'''

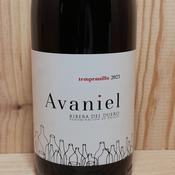 Monteabellon Avaniel Joven 2024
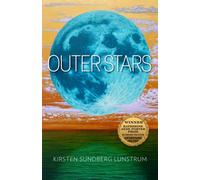 Outer Stars Volume 24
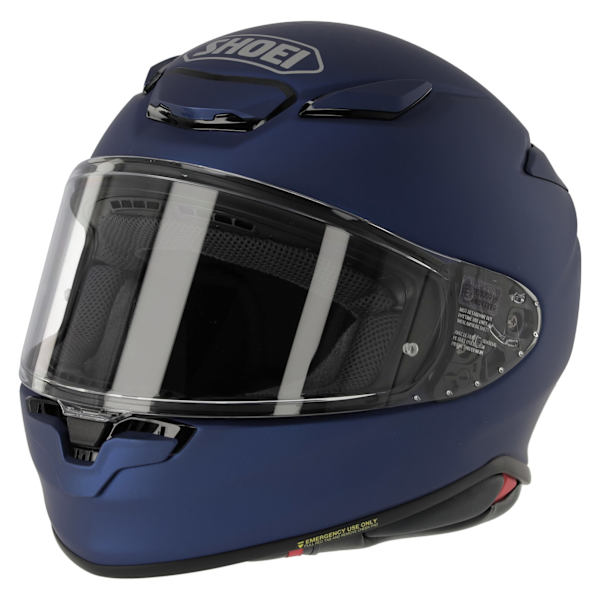 536377_Helmets_Shoei_Shoei-NXR-2-Matt-Blue-Metallic/4.jpg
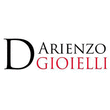 Logo di D'ARIENZO GIOIELLI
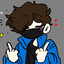 Skullker_Joker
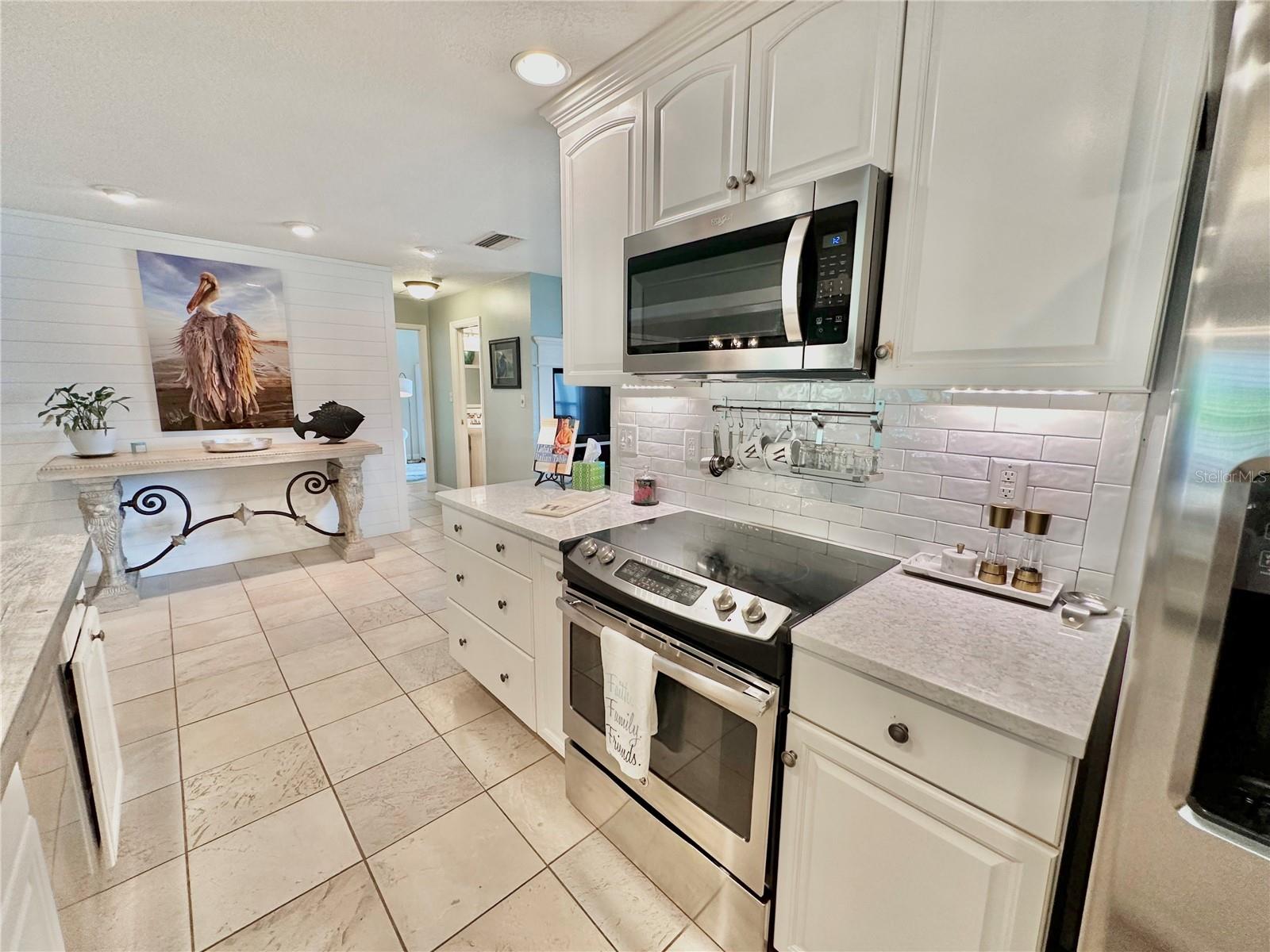1312 N DAYTONA AVE, FLAGLER BEACH, FL, 32136
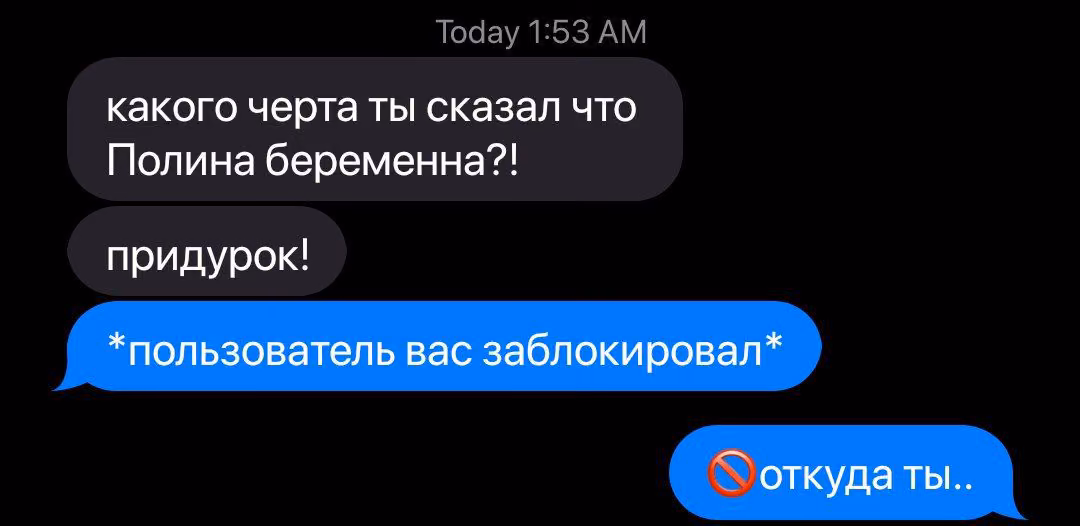 c8a99938c3fbd4dd3c057548e3d353a9.avif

'''

The required output is every line from the one containing "Outer Stars Volume 24" through the last line of the records, inclusive, reproduced exactly and without pictures.

• [Exercise result]:
 Outer Stars Volume 24
 536377_Helmets_Shoei_Shoei-NXR-2-Matt-Blue-Metallic/4.jpg
 Logo di D'ARIENZO GIOIELLI
 Skullker_Joker
1312 N DAYTONA AVE, FLAGLER BEACH, FL, 32136
 c8a99938c3fbd4dd3c057548e3d353a9.avif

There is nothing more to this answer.